Our proposed automatic resource management function could also be responsible for putting system nodes into sleeping mode and disconnecting parts of the network infrastructure. These are very useful system features for subsequent use cases. One example is the management of the networking domain of an operator, where similar solutions to the ones investigated here can enhance the operation of limited system resources during peak demands. A second example in which our proposal contributes is the scenario where the controller records the operation time of each edge server. Considering that each edge server is associated with a specific client, this functional characteristic enables an accounting of the duration time and the amount of used system resources during each client service session. This can support a dynamic business model for IoT scenarios.

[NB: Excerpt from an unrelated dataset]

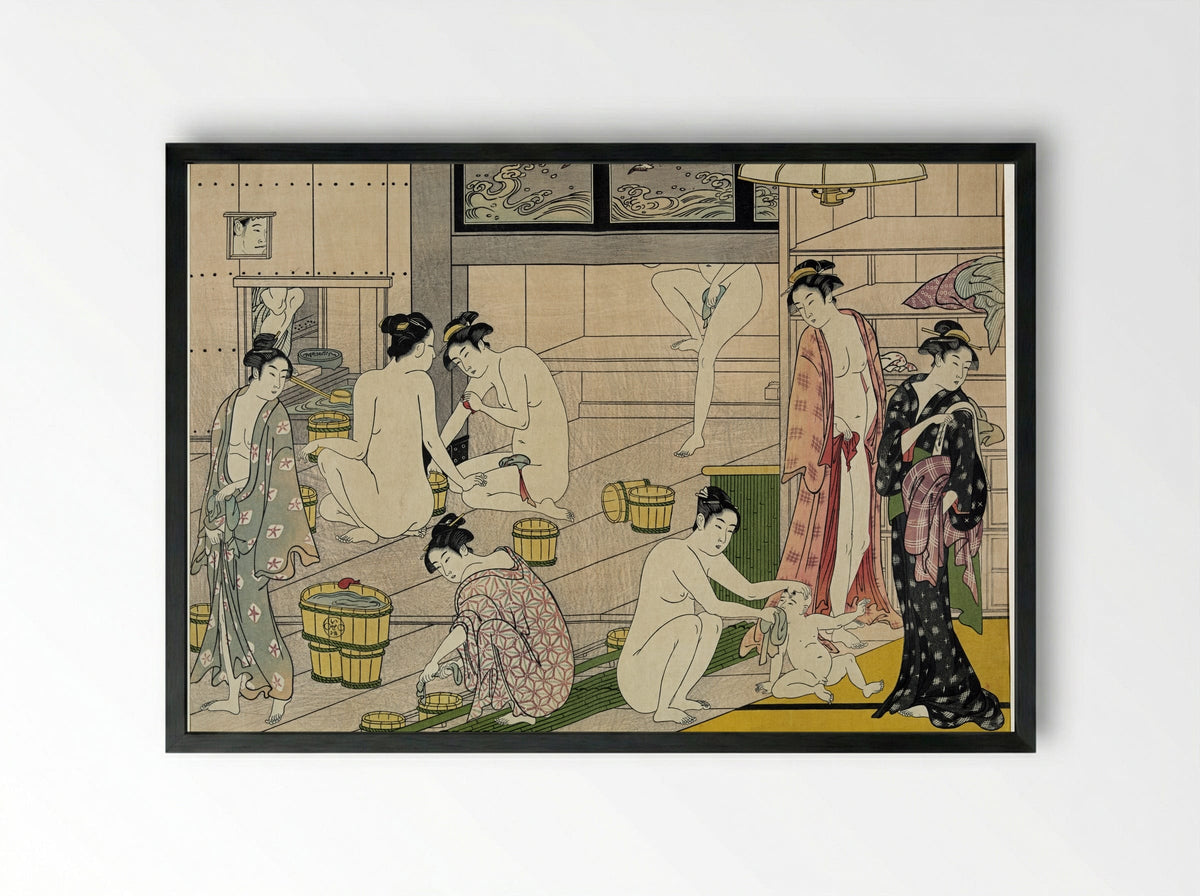 Three Women after a Bath, from the series A Brocade of Eastern Manners - Torii Kiyonaga - Framed Print Black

6. Conclusions and Future Work

The paper presented an open-source programmable solution that can activate or deactivate heterogeneous virtualized resources for services provided at the edge of the network, targeting IoT-based cases or others with limited system processing resources. We conducted extensive tests on the deployed open-source programmable system. We analyzed a considerable number of results and learned some important lessons after carefully examining those results. In summary, we showed that a programmable system can optimize the usage of scarce edge resources and protect the quality of IoT data services.

In our opinion, the current study has some open issues that could be addressed in future research. The first opportunity is to carry out an extensive investigation, using a detailed system model, about the optimum provisioning of edge system resources, including energy efficiency. Other possible enhancements to the current work would be to evaluate the proposal in a real IoT testbed, using standard solutions for several IoT services that make use of protocols such as the Message Queuing Telemetry Transport (MQTT), the Constrained Application Protocol (CoAP), or others. Finally, research on programmable solutions [35] is envisioned to control real embedded devices and activate edge containers in various network edge domains, such as creating a federated system of IoT data microservices.